During the past two decades, the federal tax system has helped widen the income gap between the middle class and "super-rich," Buffett testified.
"Tax-law changes have benefited this group, including me, in a huge way," he said. "During that time the average American went exactly nowhere on the economic scale. He's been on a treadmill, while the super-rich have been on a spaceship."
Democrats, who control the committee and Congress, predicted that sweeping tax changes are coming soon and asked for advice from Buffett, whose net worth was estimated at about $52 billion in March by Forbes Magazine.
Buffett said he would favor a "very progressive consumption tax" to put the burden on people using the nation's resources. But he conceded, "I don't see how we get there from here."
In reforming the current income tax, he said, "I would make it a lot more progressive," raising rates for higher income brackets.
In the House, Ways and Means Committee Chairman Charles Rangel, D-N.Y., has forecast a major change in the tax system after the 2008 election, and Democrats on the Senate Finance Committee agreed.
"There is a tax code meltdown coming very shortly," said Sen. Ron Wyden, D-Ore., who has proposed a simplified flat tax with many fewer deductions and credits.
Democrats and Republicans on the committee agreed that efforts to repeal the estate tax — which critics call the "death tax" — are doomed.
"The votes just aren't there to repeal it," said Sen. Jon Kyl, R-Ariz., an opponent of the tax.
Buffett, 77, said repealing the estate tax would contribute to the development of wealthy family dynasties and run contrary to the American ideal of equal opportunity.
"You don't get to be the quarterback for the University of Nebraska football team because your father was quarterback 20 years ago," he said.
But Buffett did support raising the exemption level from estate taxes to $4 million and indexing it for inflation. He said tax rates on inheritances above that level should be progressive, with the top rate higher than the current 45 percent.
A major tax reform law enacted in 2001 brought sweeping and complex changes to the estate tax. The top rate was gradually lowered from 55 percent, while the amount that heirs could exempt from the tax rose from $675,000 to a high of $3.5 million in 2009. In 2010, the tax is to be repealed entirely.

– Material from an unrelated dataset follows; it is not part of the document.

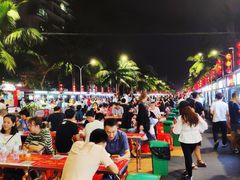 -海大南门夜市(海富街店)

But to reduce the 10-year budget impact of the tax reforms, Congress decreed that the estate tax will be reborn in 2011 with a top rate of 55 percent and an exemption of only $1 million.
"So the only convenient time for death and taxes is 2010 — at least for the heirs," testified Conrad Teitell, a tax attorney with the firm of Cummings and Lockwood in Stamford, Conn.
Other witnesses told how the estate tax could force their heirs to sell family ranches and businesses.
Dean Rhoads, who owns a ranch outside Elko, Nev., said his father-in-law had to sell part of the spread to pay a $300,000 estate tax when his wife died. Then, Rhoads said, he had to borrow money to pay $340,000 in estate taxes when his father-in-law died.
When he and his wife die, Rhods said, their children may have to pay a similar amount — "a third time as a family for one ranch."
Eugene Sukup, whose family-owned plant in Iowa makes grain storage and handling systems, said his sons and grandchildren want to continue the business.
"I've always said that death should not be a taxable event," said Sen. Charles Grassley, R-Iowa, an opponent of the estate tax.
However, Committee Chairman Max Baucus, D-Mont., pointed out that less than 1 percent of all estates are currently subject to the estate tax.